### Try it
Give all of the records again precisely, excluding whatever pictures they contain.

### Task material
● ● ● ● ●

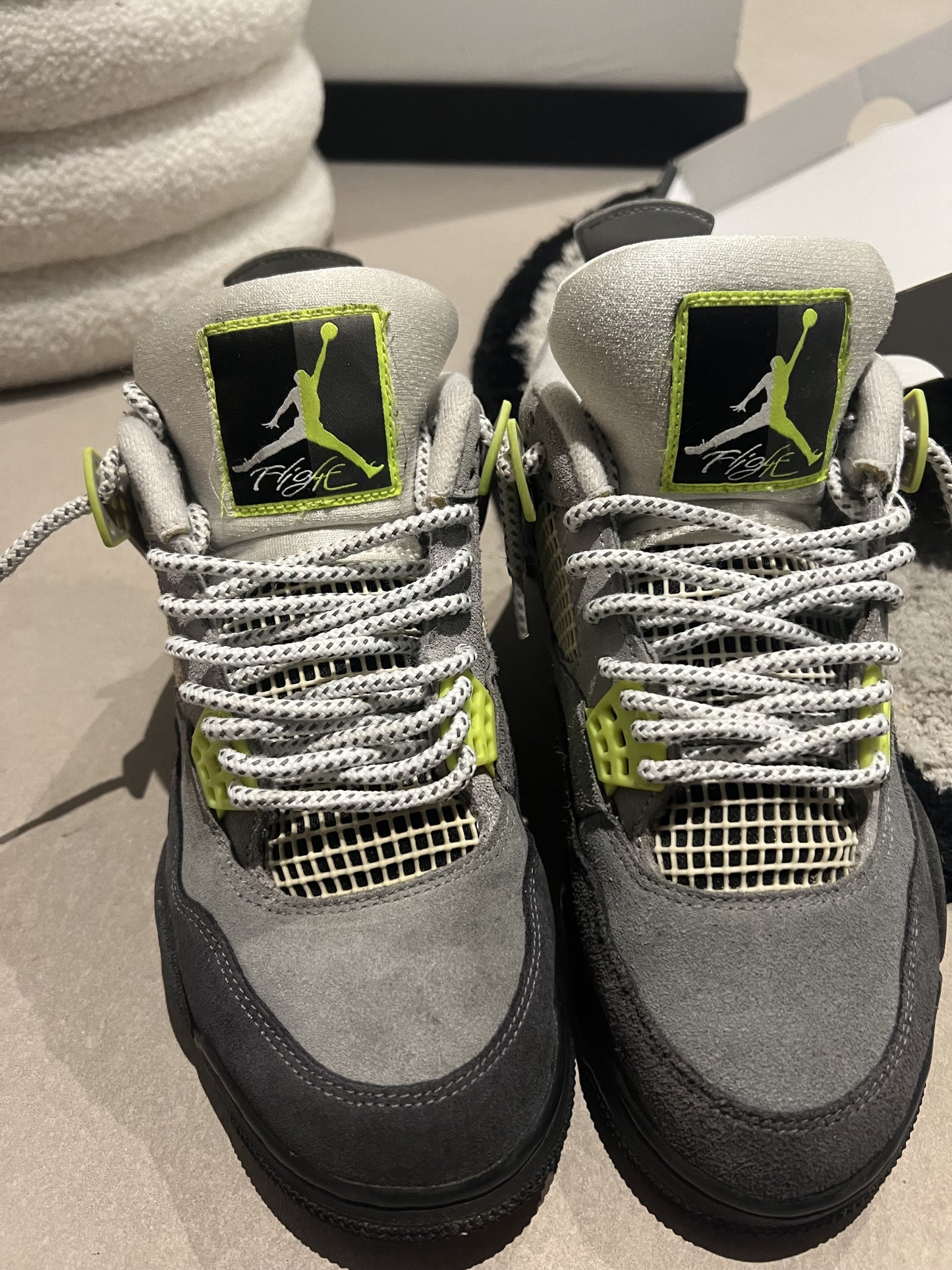 Jordan IV Neon 40,5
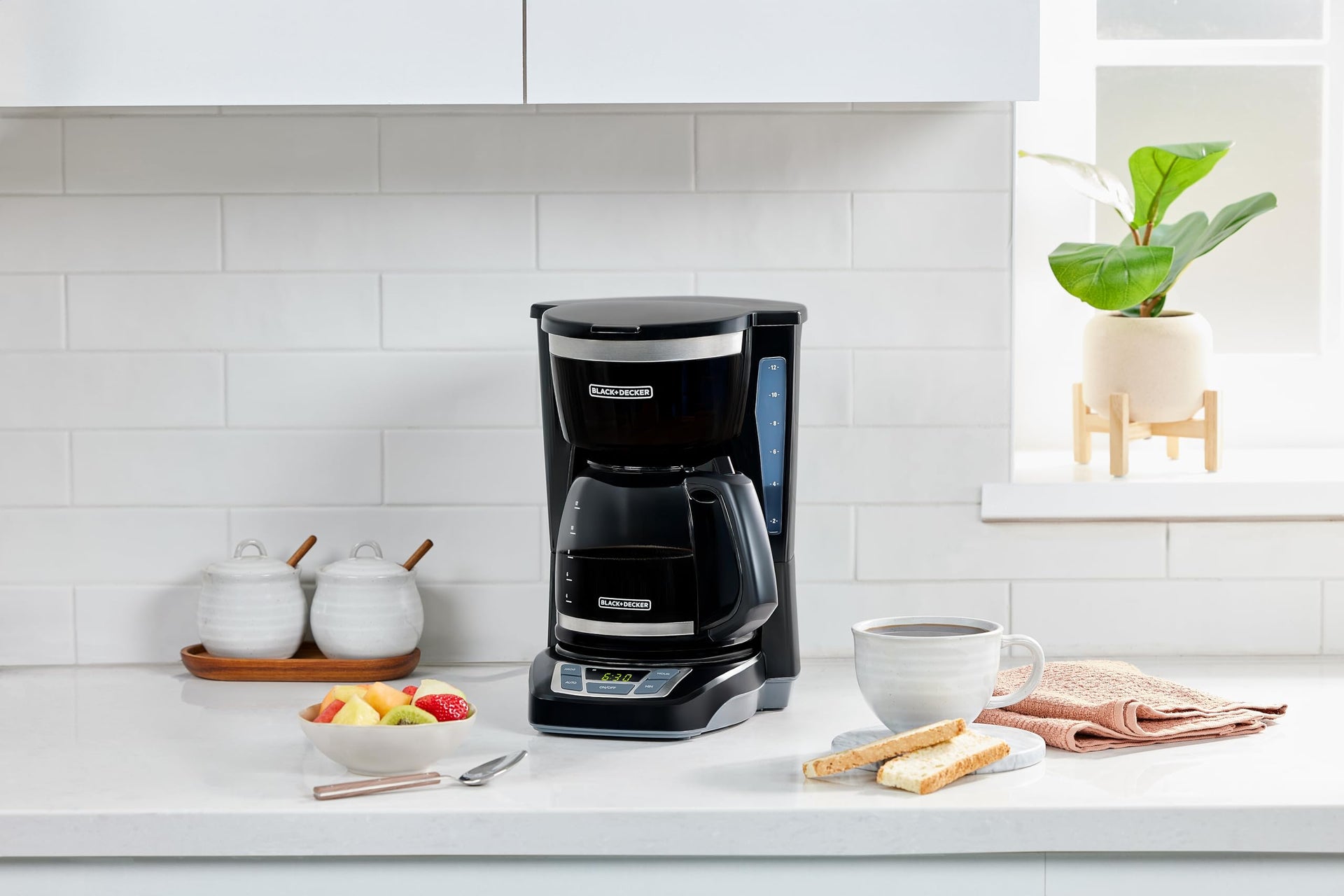 12 Cup Drip Coffee Maker with Vortex Brewing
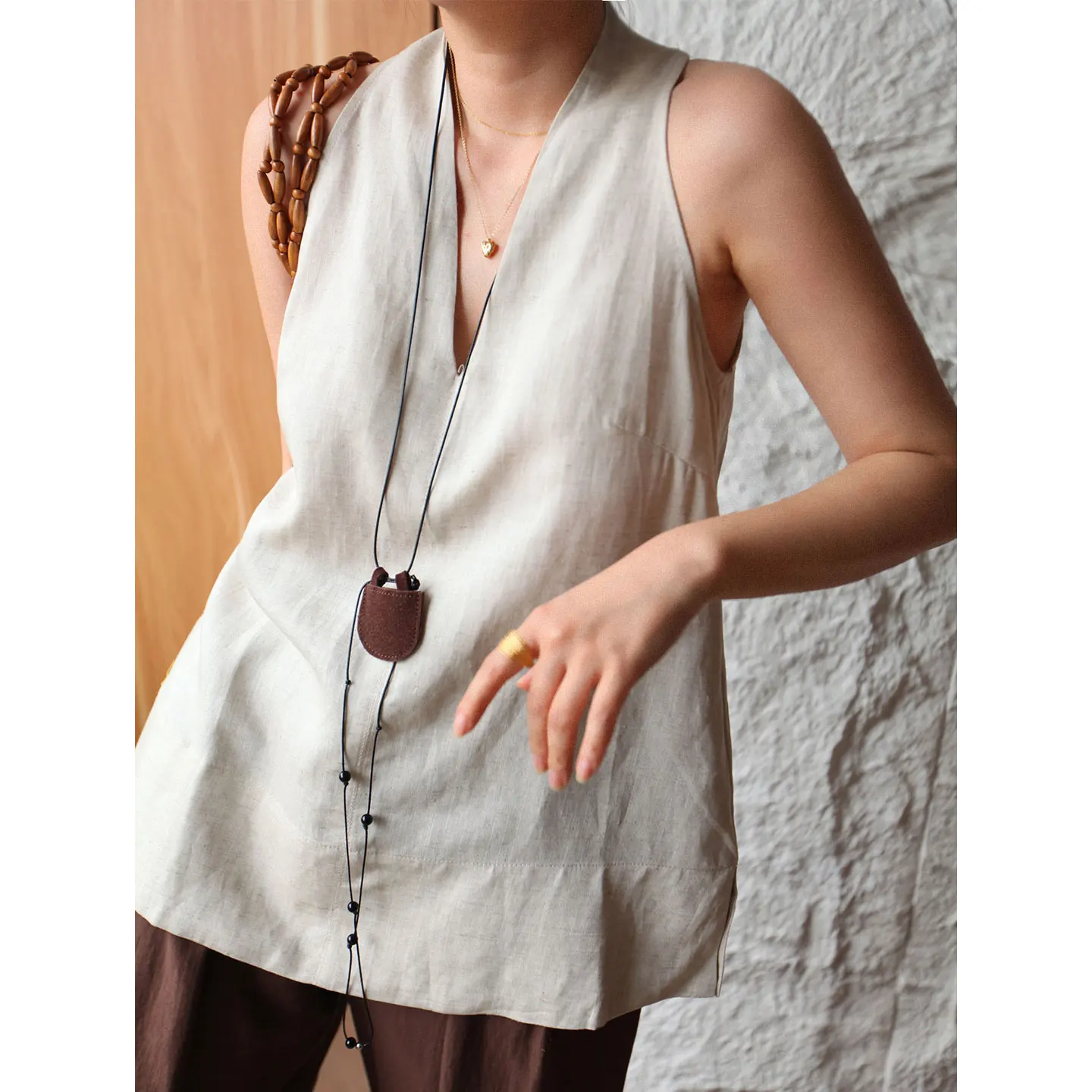 A1st Editor Store Linen V-Neck Sleeveless Hanging Neck Vest Loose Versatile Shoulder Top Women's Fashion Commute Style Summer...
A1st Editor Store Linen V-Neck Sleeveless Hanging Neck Vest Loose Versatile Shoulder Top Women's Fashion Commute Style Summer...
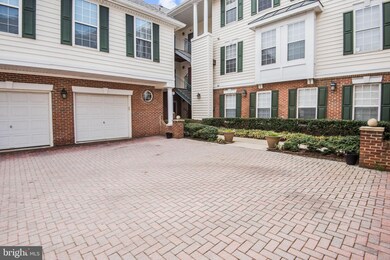 25272 Riffleford Square unit 101, Chantilly, VA 20152 - photo 3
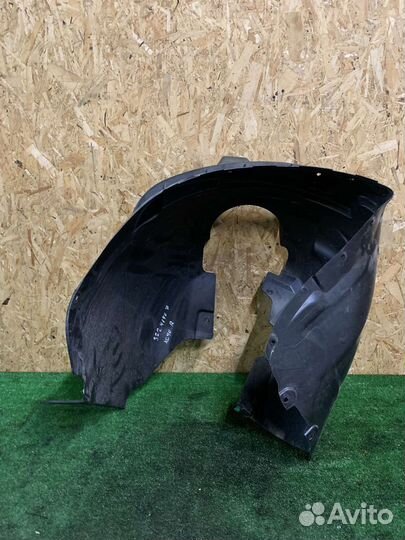 Подкрылок передний правый Volvo XC40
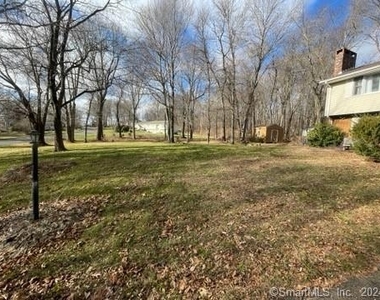 8 Boxwood Drive - Photo Thumbnail 20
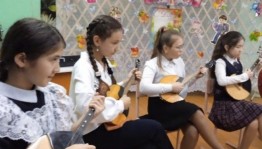 Мастер-класс «Что такое домра»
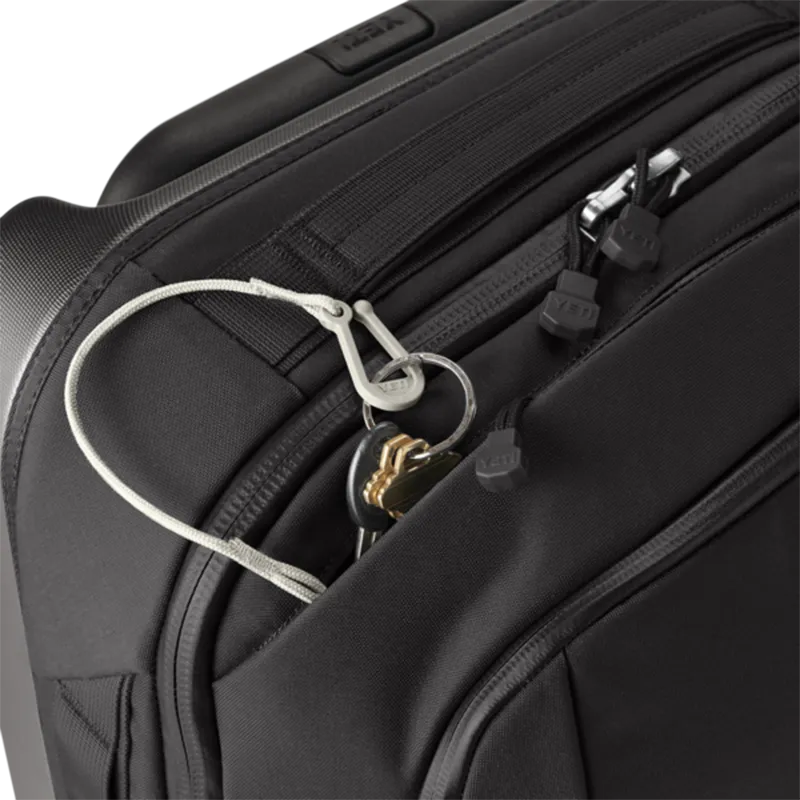 Crossroads 22" Luggage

● ● ● ● ●

### Expected answer
 Jordan IV Neon 40,5
 12 Cup Drip Coffee Maker with Vortex Brewing
 A1st Editor Store Linen V-Neck Sleeveless Hanging Neck Vest Loose Versatile Shoulder Top Women's Fashion Commute Style Summer...
A1st Editor Store Linen V-Neck Sleeveless Hanging Neck Vest Loose Versatile Shoulder Top Women's Fashion Commute Style Summer...
 25272 Riffleford Square unit 101, Chantilly, VA 20152 - photo 3
 Подкрылок передний правый Volvo XC40
 8 Boxwood Drive - Photo Thumbnail 20
 Мастер-класс «Что такое домра»
 Crossroads 22" Luggage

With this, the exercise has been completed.